Ou seja, o dinheiro arrecadado naquele mês não foi suficiente para cobrir todos os gastos correntes da União -com servidores, saúde e educação, investimentos, entre outros.
A piora no desempenho fiscal do governo central se refletiu nos dados do setor público como um todo, que engloba Estados, municípios e estatais. No primeiro bimestre do ano, o superávit primário (resultado do setor público antes do pagamento dos juros da sua dívida) somou R$ 9,295 bilhões, uma queda de 66% em relação ao mesmo período de 2008.
No período de 12 meses encerrado em fevereiro, o resultado acumulado correspondeu a 3,43% do PIB. A meta do governo é chegar a 3,8%, embora desse número possa ser abatido até 0,5 ponto percentual para gastos em investimentos considerados prioritários em infraestrutura.
Nas contas do Banco Central, os cortes na taxa Selic que já ocorreram neste ano e que devem se aprofundar nos próximos meses devem fazer com que o setor público possa economizar cerca de R$ 15 bilhões com encargos da dívida ao longo de 2009.
O valor corresponde a aproximadamente 10% dos gastos com juros da dívida pública no ano passado e deverá acontecer caso a Selic, hoje em 11,25% ao ano, caia para 9,5% ao ano até dezembro. Essa economia ameniza os impactos da crise econômica sobre os indicadores fiscais do país.
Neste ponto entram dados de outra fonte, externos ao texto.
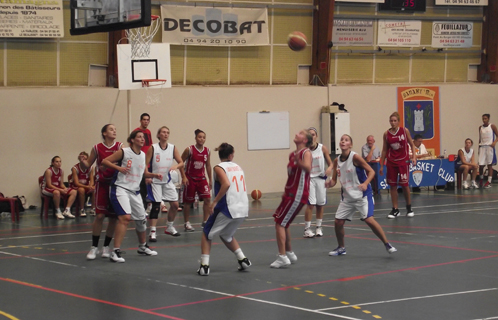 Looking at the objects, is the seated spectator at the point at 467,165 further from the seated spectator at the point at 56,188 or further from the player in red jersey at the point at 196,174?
the seated spectator at the point at 56,188

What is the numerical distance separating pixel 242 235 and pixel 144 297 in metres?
5.27

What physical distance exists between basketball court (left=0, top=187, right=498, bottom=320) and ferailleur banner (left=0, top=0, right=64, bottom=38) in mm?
6822

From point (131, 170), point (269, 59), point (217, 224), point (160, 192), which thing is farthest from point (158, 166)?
point (269, 59)

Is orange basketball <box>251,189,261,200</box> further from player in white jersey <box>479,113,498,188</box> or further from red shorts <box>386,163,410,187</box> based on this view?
player in white jersey <box>479,113,498,188</box>

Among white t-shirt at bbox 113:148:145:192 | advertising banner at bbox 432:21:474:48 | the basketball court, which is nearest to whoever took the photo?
the basketball court

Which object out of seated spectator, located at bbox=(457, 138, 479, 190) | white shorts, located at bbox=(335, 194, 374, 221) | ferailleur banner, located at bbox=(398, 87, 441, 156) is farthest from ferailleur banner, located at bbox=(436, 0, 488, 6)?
white shorts, located at bbox=(335, 194, 374, 221)

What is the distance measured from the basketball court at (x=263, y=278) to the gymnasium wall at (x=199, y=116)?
5.21m

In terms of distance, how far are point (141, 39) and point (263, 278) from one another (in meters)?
11.7

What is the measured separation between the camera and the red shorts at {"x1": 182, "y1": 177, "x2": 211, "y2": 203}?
44.2 ft

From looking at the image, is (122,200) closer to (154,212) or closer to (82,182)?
(154,212)

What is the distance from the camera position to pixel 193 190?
1350cm

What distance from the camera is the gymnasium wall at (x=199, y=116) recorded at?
18797 millimetres


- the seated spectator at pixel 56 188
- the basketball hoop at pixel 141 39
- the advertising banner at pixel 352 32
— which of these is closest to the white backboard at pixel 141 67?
the basketball hoop at pixel 141 39

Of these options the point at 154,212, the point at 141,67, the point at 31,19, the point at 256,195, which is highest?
the point at 31,19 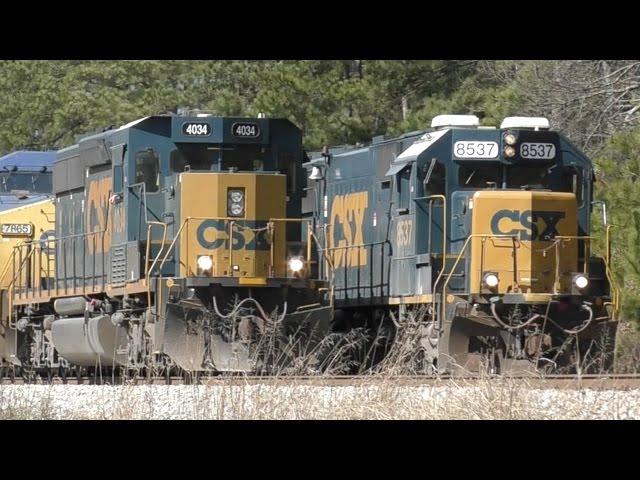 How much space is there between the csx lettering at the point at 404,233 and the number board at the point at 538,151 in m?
1.61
O secretário do Tesouro, Arno Augustin, não vê a deterioração das contas públicas como uma notícia negativa. Ao contrário. Ele disse que o resultado é consequência de uma política "anticíclica", de combate à crise. "Neste momento, o impacto na economia da queda da arrecadação e do aumento de despesa é positivo", disse.

Gastos com funcionalismo
Os gastos com os salários do funcionalismo público somaram R$ 27,6 bilhões no primeiro bimestre, alta de 25% em relação ao mesmo período do ano passado. Entre todas as despesas do governo, foi a que mais cresceu. Os investimentos foram de R$ 2,7 bilhões nos primeiros dois meses do ano, 14% a mais que em 2008.
As despesas totais do governo central somaram R$ 86,7 bilhões no primeiro bimestre, 20% maiores que no mesmo período do ano passado. A receita líquida (já descontadas as restituições e incentivos fiscais) tiveram uma queda de 4%, para R$ 89,7 bilhões.
Embora a legislação não permita que o dinheiro que deixa de ser gasto pelo governo com juros seja realocado diretamente para outras despesas, a queda na Selic ajuda a reduzir a dívida pública, o que, em tese, permite que o ajuste fiscal seja menos intenso, sobrando recursos para gastar.
O economista Francisco Lopreato, professor da Unicamp, afirma que a queda na Selic é uma das principais medidas a serem tomadas para ajudar a amenizar os impactos da crise, justamente por permitir que recursos antes usados no pagamento de encargos da dívida possam financiar investimentos públicos sem prejudicar o equilíbrio fiscal.
"A excepcionalidade deste ano mais do que justifica [um aumento nos gastos públicos], pois haverá uma compensação por conta do menor gasto com serviço da dívida pública", disse. Para ele, os incentivos fiscais anunciados até agora pelo governo federal foram "tímidos" e mostram que, mesmo com a crise, a equipe econômica não dá sinais de que vai abandonar o conservadorismo de sua política fiscal.
A economista-chefe do banco ING, Zeina Latif, também afirma que, mesmo com a queda na arrecadação, o mais provável é que a meta de 3,8% do PIB para o superávit primário continue sendo perseguida. "Já se observa uma trajetória ruim para a política fiscal, mas numa velocidade que não gera preocupações para o mercado. Nota-se que existe um certo pragmatismo no governo."
A relativa estabilidade da relação entre a dívida pública e o PIB é um dos fatores que ajudam a diminuir as preocupações com a situação fiscal do país. Entre janeiro e fevereiro, essa proporção passou de 36,9% para 37,0%. Há dois anos, estava em 43,7%.